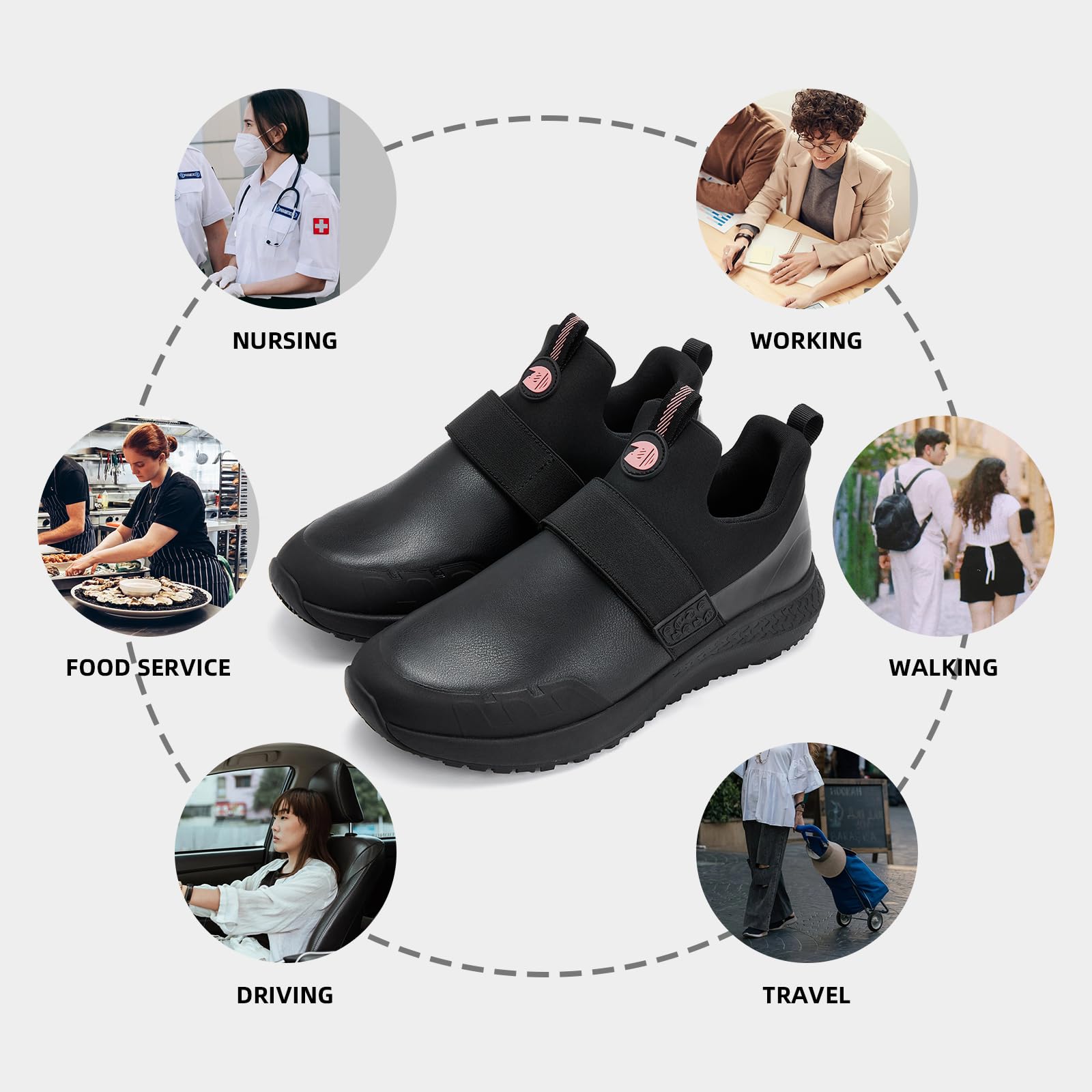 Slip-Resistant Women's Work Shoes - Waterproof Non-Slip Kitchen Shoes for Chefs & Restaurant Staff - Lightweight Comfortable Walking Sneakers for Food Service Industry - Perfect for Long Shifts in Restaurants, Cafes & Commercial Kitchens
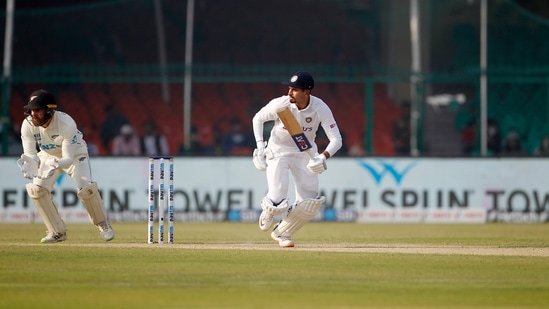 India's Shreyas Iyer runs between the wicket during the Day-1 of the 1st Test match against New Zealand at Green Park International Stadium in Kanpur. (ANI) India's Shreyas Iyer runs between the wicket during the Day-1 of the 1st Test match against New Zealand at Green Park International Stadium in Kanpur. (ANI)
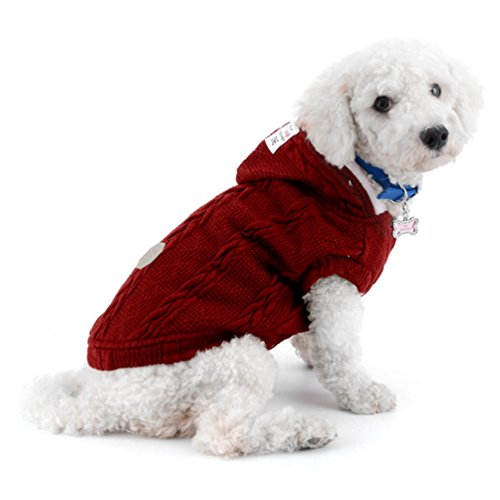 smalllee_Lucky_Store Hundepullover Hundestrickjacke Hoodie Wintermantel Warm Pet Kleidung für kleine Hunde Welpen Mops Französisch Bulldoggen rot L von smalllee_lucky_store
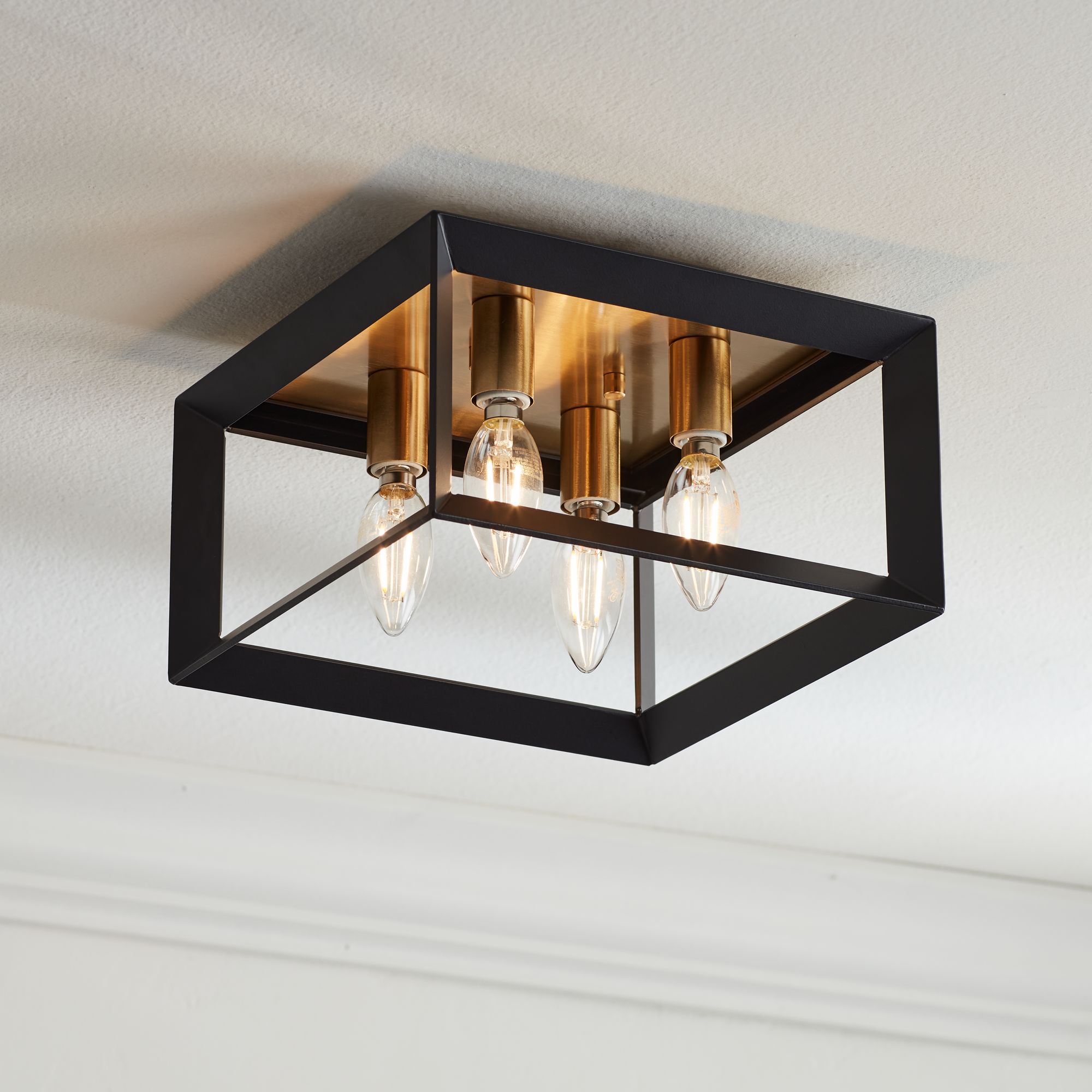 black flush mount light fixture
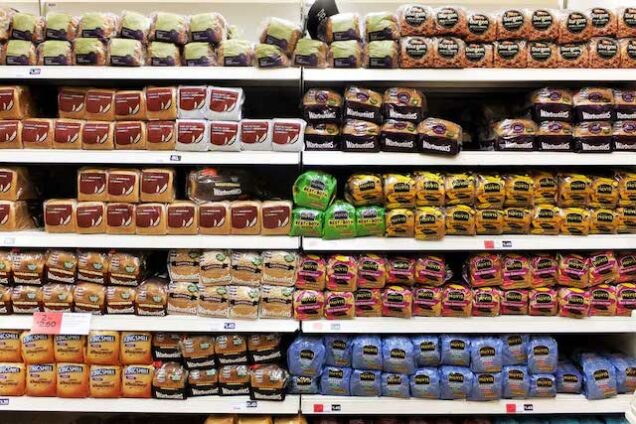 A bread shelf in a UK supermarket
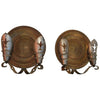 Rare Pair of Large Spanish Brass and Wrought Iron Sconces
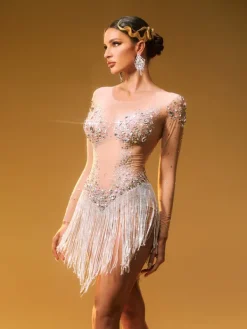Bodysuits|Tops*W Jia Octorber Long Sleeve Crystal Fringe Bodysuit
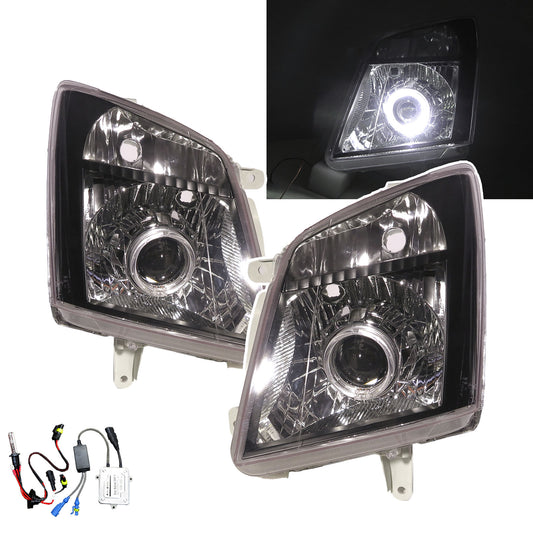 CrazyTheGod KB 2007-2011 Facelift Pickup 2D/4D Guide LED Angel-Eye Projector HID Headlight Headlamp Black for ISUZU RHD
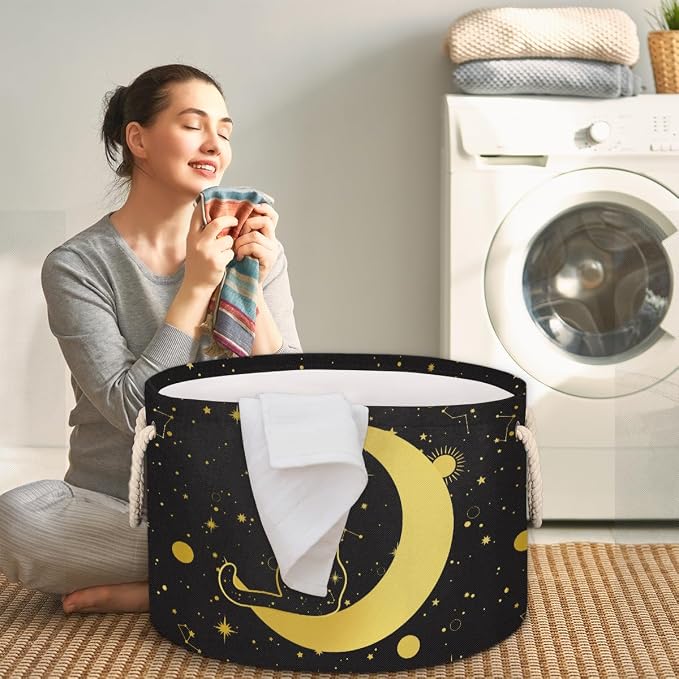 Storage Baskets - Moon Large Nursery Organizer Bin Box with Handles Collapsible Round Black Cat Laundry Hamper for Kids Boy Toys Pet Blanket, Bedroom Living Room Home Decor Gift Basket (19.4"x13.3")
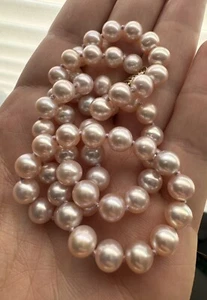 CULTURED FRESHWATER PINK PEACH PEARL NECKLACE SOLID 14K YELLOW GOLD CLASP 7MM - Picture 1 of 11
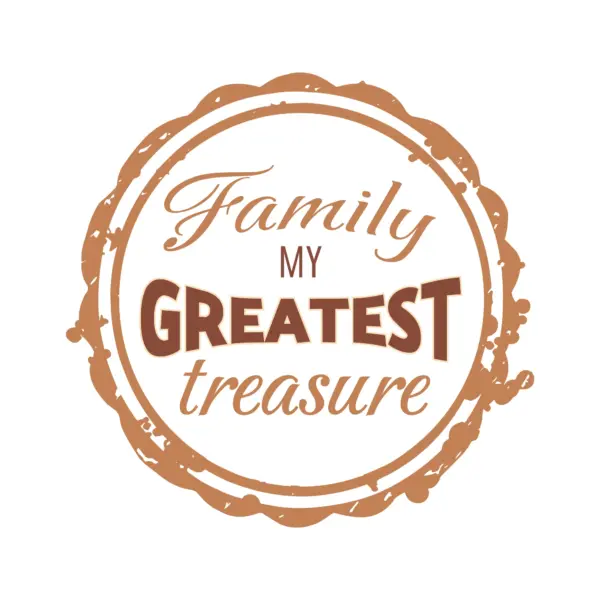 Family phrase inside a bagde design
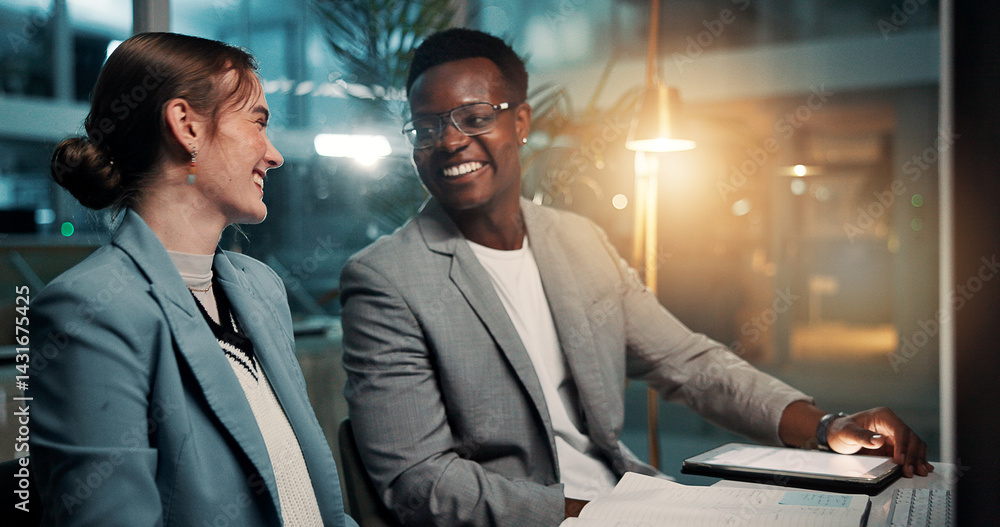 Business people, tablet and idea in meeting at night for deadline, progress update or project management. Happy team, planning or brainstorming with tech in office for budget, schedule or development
• • • • •
▶ _TASK TO COMPLETE_
Your copy should match the entries exactly, minus the pictures.

▶ _TASK SOLUTION_
 Slip-Resistant Women's Work Shoes - Waterproof Non-Slip Kitchen Shoes for Chefs & Restaurant Staff - Lightweight Comfortable Walking Sneakers for Food Service Industry - Perfect for Long Shifts in Restaurants, Cafes & Commercial Kitchens
 India's Shreyas Iyer runs between the wicket during the Day-1 of the 1st Test match against New Zealand at Green Park International Stadium in Kanpur. (ANI) India's Shreyas Iyer runs between the wicket during the Day-1 of the 1st Test match against New Zealand at Green Park International Stadium in Kanpur. (ANI)
 smalllee_Lucky_Store Hundepullover Hundestrickjacke Hoodie Wintermantel Warm Pet Kleidung für kleine Hunde Welpen Mops Französisch Bulldoggen rot L von smalllee_lucky_store
 black flush mount light fixture
 A bread shelf in a UK supermarket
 Rare Pair of Large Spanish Brass and Wrought Iron Sconces
Bodysuits|Tops*W Jia Octorber Long Sleeve Crystal Fringe Bodysuit
 CrazyTheGod KB 2007-2011 Facelift Pickup 2D/4D Guide LED Angel-Eye Projector HID Headlight Headlamp Black for ISUZU RHD
 Storage Baskets - Moon Large Nursery Organizer Bin Box with Handles Collapsible Round Black Cat Laundry Hamper for Kids Boy Toys Pet Blanket, Bedroom Living Room Home Decor Gift Basket (19.4"x13.3")
 CULTURED FRESHWATER PINK PEACH PEARL NECKLACE SOLID 14K YELLOW GOLD CLASP 7MM - Picture 1 of 11
 Family phrase inside a bagde design
 Business people, tablet and idea in meeting at night for deadline, progress update or project management. Happy team, planning or brainstorming with tech in office for budget, schedule or development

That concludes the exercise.